Sem querer traçar paralelos entre Criminologia e Direito, mas partindo dos princípios de
que a "Criminologia pretende conhecer a realidade para explicá-la" e de que "se
aproxima do fenômeno delitivo sem prejuízos, sem mediações, procurando obter uma
informação direta deste último" e "como é a realidade - a realidade em si mesma, tal e
como se apresenta -, para explicá-la cientificamente e compreender o problema do
crime" (Cfr. GARCIA-PABLOS DE MOLINA, ob. cit. P. 26), constata-se a preocupação
sempre evolutiva e marcante da realidade social e o retorno a uma fenomenologia
histórica através das chamadas Leis Especiais, tais como a Lei n.º 4.898, de 1965, que
trata do Abuso de Autoridade, da Lei n.º 8.072, de 1.990 que trata dos Crimes
Hediondos, da Lei n.º 7.6561, de 1945, que trata das Falências e seus crimes, o
Decreto Lei n.º 201, de 1967, que trata da Responsabilidade dos Prefeitos e
Vereadores, e em especial a Lei n.º 7.492, de 1986, relativa aos Crimes contra o
Sistema Tributário, onde os conceitos para decretação da prisão preventiva estão
condicionados a magnitude da lesão, artigo 30, sem fiança ainda que haja
primariedade - art. 31 - além de possibilitar a multa em décuplo - art. 33 - onde se
verificam que os critérios valorativos e tipificadores estão, ainda que indiretamente,
condicionados às condições sociais e profissionais do indivíduo na vida em sociedade.

Com efeito, louvando-se na história nos ensina o Prof. Miguel Langon Cuñarro que
vigia no CÓDIGO DE HAMMURABI - 1.700 AC - que ele conceitua como mais do que
um código porque o entende como "una colección de decisiones de equidade del rey
encargado de establecer la justicia, distribuidos en 250 articulos de lei, en 46 columnas
que contienem cerca de 3.600 líneas de textos, y los cuales, además de la ley talional
propria de la época, y las composiciones que obligam al hombre libre una moral más
elevada que la del esclavo y la del mushkino (ciudadano de humilde condición colocado
entre las otras dos categorias), cuyas infraciones a la ley, en ocasiones, son penas mas
duramente que las del pobre.
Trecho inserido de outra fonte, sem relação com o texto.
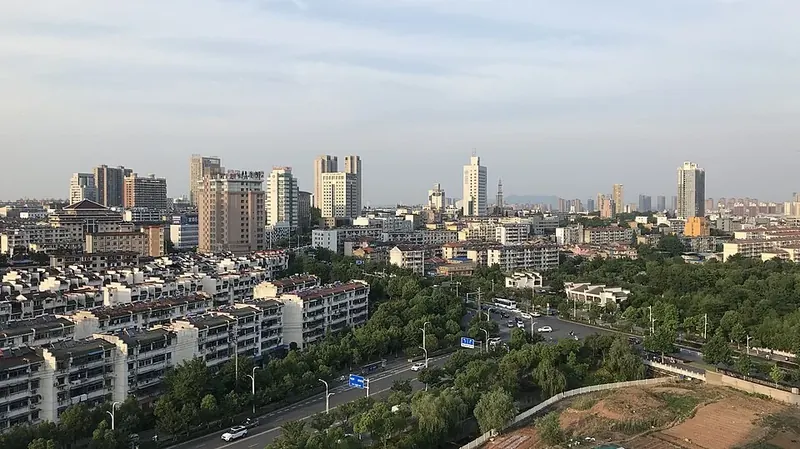 The urban skyline of Xuancheng (宣城), photographed in August 2011.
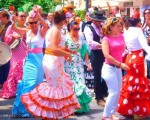 Dancing Sevillanas, La Hermandad de El Rocío. The Brotherhood of El Rocío. Back after their yearly Pilgrimage to El Rocío in Huelva.  www,spanishsosimple.com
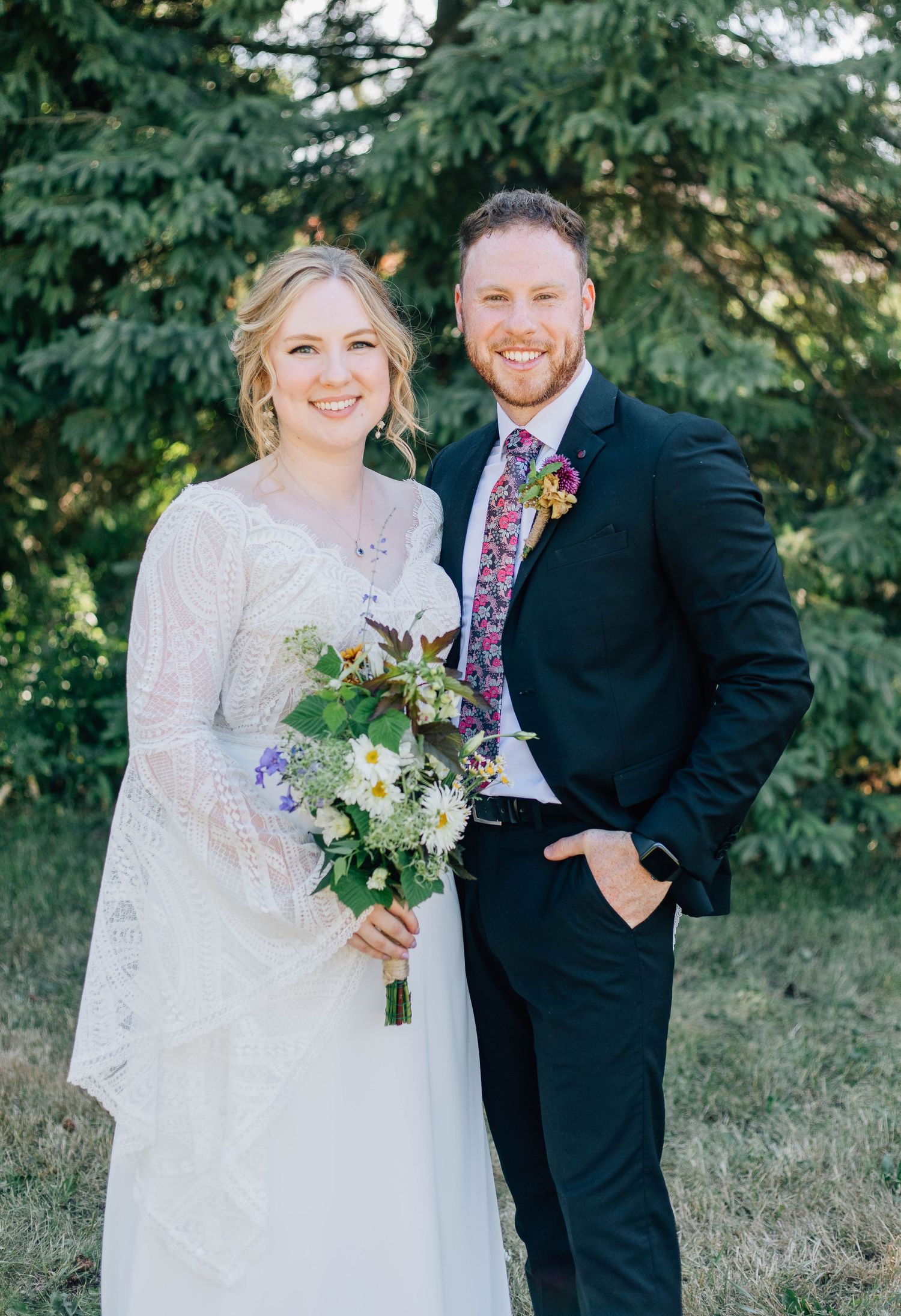 Smiling bride in lace gown holds wildflower bouquet beside groom in dark suit with floral tie outdoors.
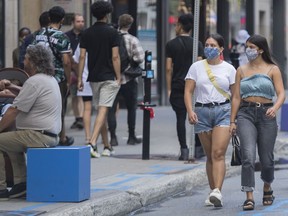 People wear face masks as they walk along a street in Montreal, Saturday, Aug. 22, 2020.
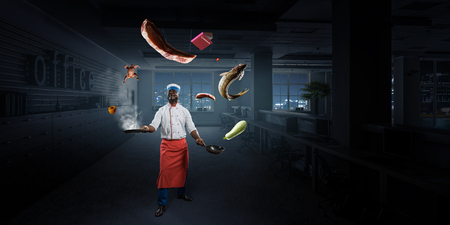 Black man wearing an apron and cooking in action. Mixed mediaの写真素材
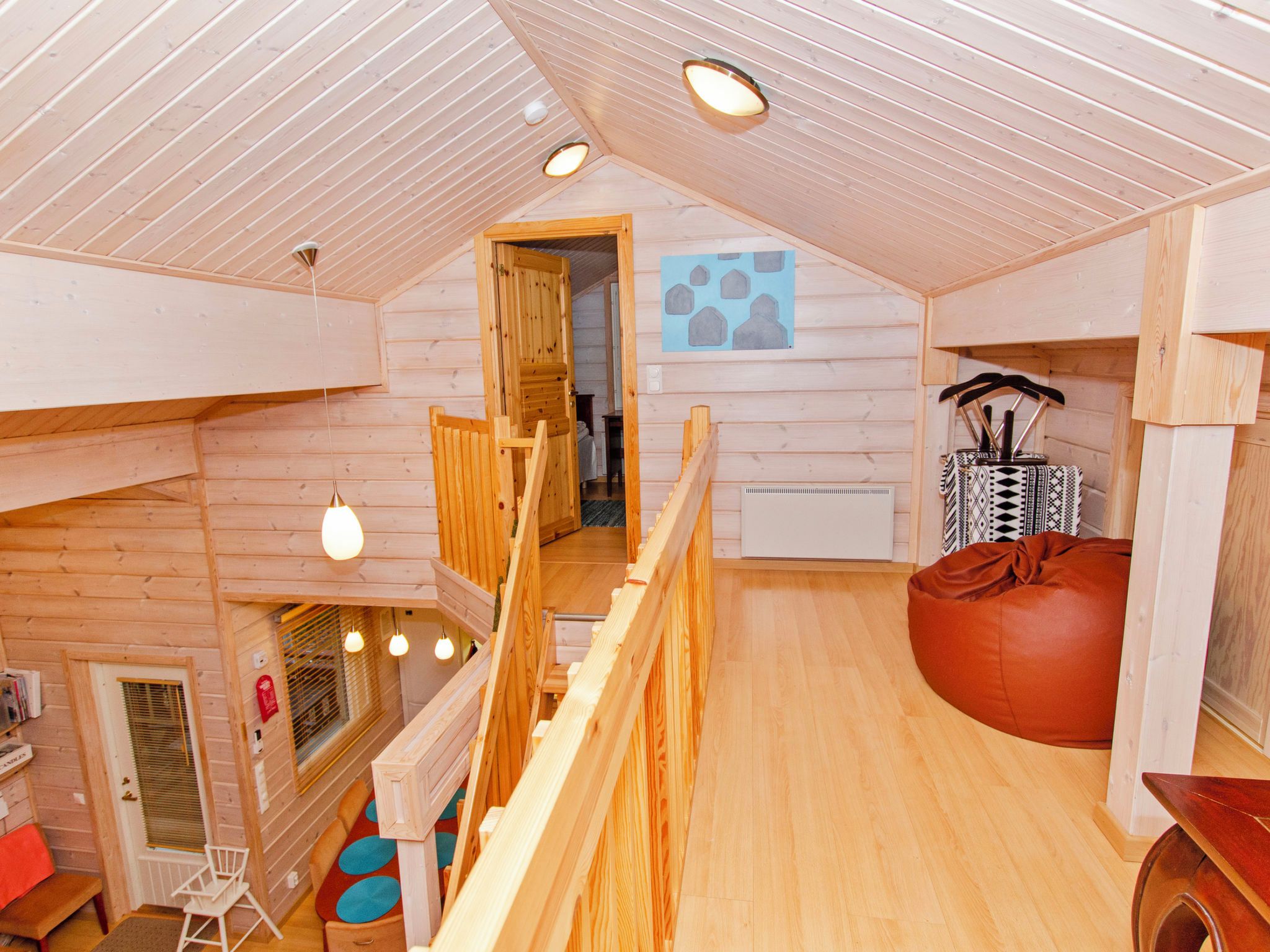 Ein Holzinnenraum mit Schlafzimmer im oberen Bereich, Essbereich und Blick ins Freie.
DELAPORTE, L, Mesapotamia:Las civilizaciones
babilónicas y asíria, Cervantes, Barcelona, MCLXX V, pág. 51, 81, 111" (cfr. ob. cit.,
nota 11, pág. 14), o que nos leva a certeza de que a valoração, conceituação ou
tipificação criminal está condicionada ao pensamento da sociedade em determinado
momento, e de que, também hoje, a atribuição da pena está condicionada à condição
social, obrigando a uma moral mais elevada quanto seja a posição social, comercial ou
financeira do cidadão.

Pode-se assim afirmar, conclusivamente, que na limitação natural da sociedade


humana exsurge a essencial relatividade da noção de crime no tempo e no espaço e
consequentemente "y el fracaso manifiesto a que han llevado cuntas indagaciones se
han realizado en procura de una noción "natural" de delito, independiente de la
valoración efectuada por el legislador determinado de que se trata".(Ob. cit. p. 13).